Work order -> Both the line containing "Father's Day Family" and the line containing "年老いた犬が人の手のひらから優しくおやつを食べている瞬間のクローズアップ写真。" belong to the span. Output exactly that span from the listing below, and nothing outside it.

Given data ->

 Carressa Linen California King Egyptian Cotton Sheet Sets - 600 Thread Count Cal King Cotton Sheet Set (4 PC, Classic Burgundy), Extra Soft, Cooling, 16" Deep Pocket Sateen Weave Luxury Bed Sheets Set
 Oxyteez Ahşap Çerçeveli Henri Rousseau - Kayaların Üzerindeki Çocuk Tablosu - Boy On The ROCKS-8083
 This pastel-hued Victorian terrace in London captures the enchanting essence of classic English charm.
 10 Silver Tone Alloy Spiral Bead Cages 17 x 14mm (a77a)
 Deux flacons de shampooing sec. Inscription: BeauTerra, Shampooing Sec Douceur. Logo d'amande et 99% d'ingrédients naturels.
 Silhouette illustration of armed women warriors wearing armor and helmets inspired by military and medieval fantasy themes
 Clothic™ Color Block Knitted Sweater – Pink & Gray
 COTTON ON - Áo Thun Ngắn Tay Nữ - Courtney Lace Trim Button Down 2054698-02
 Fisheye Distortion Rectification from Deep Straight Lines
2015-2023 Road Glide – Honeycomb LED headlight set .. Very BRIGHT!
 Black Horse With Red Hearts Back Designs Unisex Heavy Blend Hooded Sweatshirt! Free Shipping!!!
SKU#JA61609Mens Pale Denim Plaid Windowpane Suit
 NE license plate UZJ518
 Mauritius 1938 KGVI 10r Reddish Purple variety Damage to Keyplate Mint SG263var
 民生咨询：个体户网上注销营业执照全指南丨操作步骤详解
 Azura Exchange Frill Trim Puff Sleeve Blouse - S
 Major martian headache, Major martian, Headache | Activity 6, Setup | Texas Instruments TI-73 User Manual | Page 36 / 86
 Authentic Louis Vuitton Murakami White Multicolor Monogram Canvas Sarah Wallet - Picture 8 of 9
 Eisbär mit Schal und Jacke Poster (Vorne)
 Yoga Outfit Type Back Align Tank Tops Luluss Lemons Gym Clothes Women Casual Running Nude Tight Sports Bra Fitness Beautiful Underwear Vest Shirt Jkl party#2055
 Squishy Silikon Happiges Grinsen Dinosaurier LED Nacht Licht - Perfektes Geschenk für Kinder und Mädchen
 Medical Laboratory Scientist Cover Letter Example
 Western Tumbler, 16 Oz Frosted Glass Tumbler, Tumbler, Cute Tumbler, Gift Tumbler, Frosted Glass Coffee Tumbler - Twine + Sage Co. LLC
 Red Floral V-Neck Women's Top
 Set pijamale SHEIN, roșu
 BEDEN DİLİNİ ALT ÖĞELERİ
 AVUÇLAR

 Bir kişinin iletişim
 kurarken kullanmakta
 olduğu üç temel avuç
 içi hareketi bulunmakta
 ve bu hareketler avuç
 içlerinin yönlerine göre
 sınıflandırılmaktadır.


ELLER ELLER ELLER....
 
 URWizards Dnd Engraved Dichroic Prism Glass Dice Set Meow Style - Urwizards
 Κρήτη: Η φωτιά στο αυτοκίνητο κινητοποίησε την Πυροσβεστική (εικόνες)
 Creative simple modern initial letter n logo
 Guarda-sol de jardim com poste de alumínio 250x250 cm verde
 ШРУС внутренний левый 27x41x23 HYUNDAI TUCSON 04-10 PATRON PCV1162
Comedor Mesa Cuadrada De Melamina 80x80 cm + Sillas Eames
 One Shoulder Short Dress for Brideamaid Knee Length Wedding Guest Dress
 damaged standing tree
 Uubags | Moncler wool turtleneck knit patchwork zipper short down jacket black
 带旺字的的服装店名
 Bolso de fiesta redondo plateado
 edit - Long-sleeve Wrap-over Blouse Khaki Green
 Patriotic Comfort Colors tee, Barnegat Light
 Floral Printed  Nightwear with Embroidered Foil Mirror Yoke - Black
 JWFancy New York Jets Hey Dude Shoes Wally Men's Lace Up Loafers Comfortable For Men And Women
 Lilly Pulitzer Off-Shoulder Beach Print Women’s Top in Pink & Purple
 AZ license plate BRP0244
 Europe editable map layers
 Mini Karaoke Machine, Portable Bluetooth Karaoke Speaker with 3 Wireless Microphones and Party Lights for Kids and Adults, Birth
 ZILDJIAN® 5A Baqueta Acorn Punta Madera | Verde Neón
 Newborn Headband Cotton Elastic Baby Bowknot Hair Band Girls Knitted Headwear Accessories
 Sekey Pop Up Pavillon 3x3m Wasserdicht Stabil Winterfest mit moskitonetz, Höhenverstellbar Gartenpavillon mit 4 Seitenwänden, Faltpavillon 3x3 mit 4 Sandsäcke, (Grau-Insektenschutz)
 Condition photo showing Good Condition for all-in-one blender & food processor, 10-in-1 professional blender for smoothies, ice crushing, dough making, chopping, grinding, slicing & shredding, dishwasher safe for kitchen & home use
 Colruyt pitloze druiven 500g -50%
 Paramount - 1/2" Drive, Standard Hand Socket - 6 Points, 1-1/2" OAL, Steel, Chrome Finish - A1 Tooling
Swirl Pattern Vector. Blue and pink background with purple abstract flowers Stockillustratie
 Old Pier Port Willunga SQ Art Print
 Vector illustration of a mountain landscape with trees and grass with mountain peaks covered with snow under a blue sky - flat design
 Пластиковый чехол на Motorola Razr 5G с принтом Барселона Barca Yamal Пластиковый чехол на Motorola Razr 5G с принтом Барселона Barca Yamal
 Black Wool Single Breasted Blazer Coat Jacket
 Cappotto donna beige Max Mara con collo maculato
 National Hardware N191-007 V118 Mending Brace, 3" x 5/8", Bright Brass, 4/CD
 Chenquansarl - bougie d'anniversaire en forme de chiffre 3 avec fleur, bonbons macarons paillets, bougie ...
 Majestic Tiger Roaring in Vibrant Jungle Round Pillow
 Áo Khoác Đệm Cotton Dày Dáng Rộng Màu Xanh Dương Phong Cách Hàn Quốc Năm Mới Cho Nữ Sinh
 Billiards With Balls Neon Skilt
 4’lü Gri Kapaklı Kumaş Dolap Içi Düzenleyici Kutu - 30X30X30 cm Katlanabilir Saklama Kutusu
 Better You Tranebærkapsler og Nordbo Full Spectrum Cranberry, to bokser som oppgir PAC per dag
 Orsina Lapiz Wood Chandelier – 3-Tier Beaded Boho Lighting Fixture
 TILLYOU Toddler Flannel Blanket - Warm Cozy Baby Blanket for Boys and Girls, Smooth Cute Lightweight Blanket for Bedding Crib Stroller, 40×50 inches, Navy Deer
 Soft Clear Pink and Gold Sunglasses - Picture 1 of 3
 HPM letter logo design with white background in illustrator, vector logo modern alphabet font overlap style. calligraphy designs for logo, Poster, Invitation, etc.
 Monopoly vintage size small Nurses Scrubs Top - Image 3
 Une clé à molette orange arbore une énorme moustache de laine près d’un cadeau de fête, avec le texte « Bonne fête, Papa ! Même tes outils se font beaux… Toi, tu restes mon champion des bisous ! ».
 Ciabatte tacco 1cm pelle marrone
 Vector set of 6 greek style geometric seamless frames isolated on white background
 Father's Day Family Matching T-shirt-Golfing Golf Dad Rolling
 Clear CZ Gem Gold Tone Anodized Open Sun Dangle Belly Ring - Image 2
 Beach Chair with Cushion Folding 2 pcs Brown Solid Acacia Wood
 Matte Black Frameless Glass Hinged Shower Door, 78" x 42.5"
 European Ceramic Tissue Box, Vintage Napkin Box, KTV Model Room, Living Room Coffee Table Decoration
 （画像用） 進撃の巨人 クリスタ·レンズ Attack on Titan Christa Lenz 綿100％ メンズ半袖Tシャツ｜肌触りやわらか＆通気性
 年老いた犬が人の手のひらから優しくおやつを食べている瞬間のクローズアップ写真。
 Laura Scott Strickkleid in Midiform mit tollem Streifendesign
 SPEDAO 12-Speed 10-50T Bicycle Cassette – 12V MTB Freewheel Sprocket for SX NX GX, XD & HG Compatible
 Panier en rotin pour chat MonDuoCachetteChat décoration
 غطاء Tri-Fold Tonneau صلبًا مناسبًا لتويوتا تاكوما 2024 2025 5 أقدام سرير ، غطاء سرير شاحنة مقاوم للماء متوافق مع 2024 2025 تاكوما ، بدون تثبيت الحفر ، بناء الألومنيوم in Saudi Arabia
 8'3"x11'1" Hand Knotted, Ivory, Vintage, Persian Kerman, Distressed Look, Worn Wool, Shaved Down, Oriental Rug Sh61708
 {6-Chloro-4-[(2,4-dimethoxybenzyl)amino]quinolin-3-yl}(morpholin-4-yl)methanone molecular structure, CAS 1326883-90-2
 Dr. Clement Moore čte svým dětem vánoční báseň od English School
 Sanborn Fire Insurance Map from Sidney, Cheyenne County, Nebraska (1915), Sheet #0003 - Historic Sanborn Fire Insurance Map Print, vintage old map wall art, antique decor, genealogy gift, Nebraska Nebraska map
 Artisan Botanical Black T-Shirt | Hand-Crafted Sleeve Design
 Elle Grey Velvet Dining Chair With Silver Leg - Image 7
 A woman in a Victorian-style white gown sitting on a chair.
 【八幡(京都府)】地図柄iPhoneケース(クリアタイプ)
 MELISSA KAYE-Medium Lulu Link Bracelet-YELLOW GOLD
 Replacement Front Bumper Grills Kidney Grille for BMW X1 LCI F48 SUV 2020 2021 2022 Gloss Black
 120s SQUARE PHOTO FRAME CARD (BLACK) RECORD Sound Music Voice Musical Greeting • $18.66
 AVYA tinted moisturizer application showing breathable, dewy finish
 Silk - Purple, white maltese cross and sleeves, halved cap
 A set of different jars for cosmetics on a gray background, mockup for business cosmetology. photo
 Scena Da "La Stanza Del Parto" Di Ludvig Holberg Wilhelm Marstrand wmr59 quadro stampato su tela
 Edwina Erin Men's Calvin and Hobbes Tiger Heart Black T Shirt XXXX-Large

Result of the exercise ->
 Father's Day Family Matching T-shirt-Golfing Golf Dad Rolling
 Clear CZ Gem Gold Tone Anodized Open Sun Dangle Belly Ring - Image 2
 Beach Chair with Cushion Folding 2 pcs Brown Solid Acacia Wood
 Matte Black Frameless Glass Hinged Shower Door, 78" x 42.5"
 European Ceramic Tissue Box, Vintage Napkin Box, KTV Model Room, Living Room Coffee Table Decoration
 （画像用） 進撃の巨人 クリスタ·レンズ Attack on Titan Christa Lenz 綿100％ メンズ半袖Tシャツ｜肌触りやわらか＆通気性
 年老いた犬が人の手のひらから優しくおやつを食べている瞬間のクローズアップ写真。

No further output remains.